VIOLET: All women need makeup. Don’t let anybody tell you different. The only woman who was pretty enough to go without makeup was Elizabeth Taylor and she wore a
ton
. Sit up straight.
IVY: Mom.
VIOLET: Your shoulders are slumped and your hair’s all straight and you don’t wear makeup. You look like a lesbian. You’re a pretty enough girl you could get a decent man if you spruced up. A bit, that’s all I’m saying.
IVY: I’m not looking for a man.
VIOLET: You should be. Everybody needs somebody.
IVY: I’m not looking for a man.
VIOLET: Listen, there are a lot of losers out there, don’t think I don’t know it. But just because you got a bad one doesn’t mean—
IVY: Barry wasn’t a loser.
VIOLET: Barry was an asshole. And I warned you from the start, didn’t I? First time you brought him over here in his ridiculous little electric car, with that stupid orange beard and that turban.
IVY: It wasn’t a turban—
VIOLET: I just don’t understand some of the choices you make. You’re forty-three years old—
IVY: Forty-four.
VIOLET: Forty-four years old. Maybe you’re past the point of having children, and that’s all right if you don’t want them, but aren’t you interested in finding a husband?
IVY: A husband. In
Pawhuska
.
VIOLET: You don’t meet people where you live, you meet them where you work. You work at a college.
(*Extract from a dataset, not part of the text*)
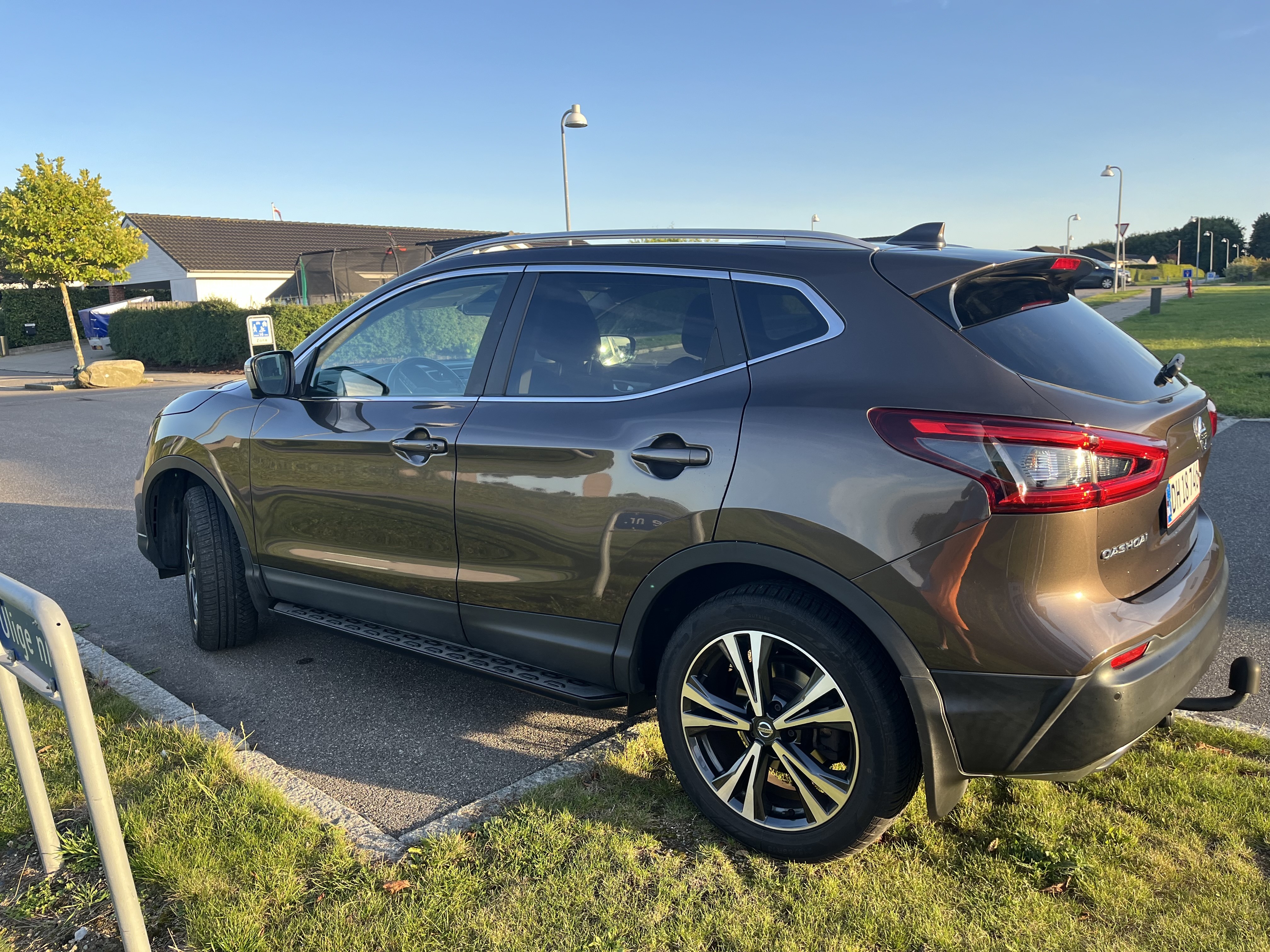 Brun Nissan Qashqai fra 2018
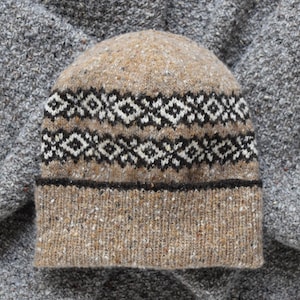 Unisex Hand Knit Hat - Men&#39;s Hat - Winter Hat - Beige Beanie - Soft Donegal Merino Tweed Hat - Multicolor Fair Isle Hat - Beige Hat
Don’t tell me there aren’t people coming through the door of that library every day.
IVY: You want me to marry a student, some eighteen-year-old boy from one of these hick towns?
VIOLET: They still have teachers on the Tulsa campus, don’t they? They did when your father taught there—
IVY: Barry was a teacher at TU.
VIOLET: Yeah, “Environmental Studies.” Barry was a
loser
.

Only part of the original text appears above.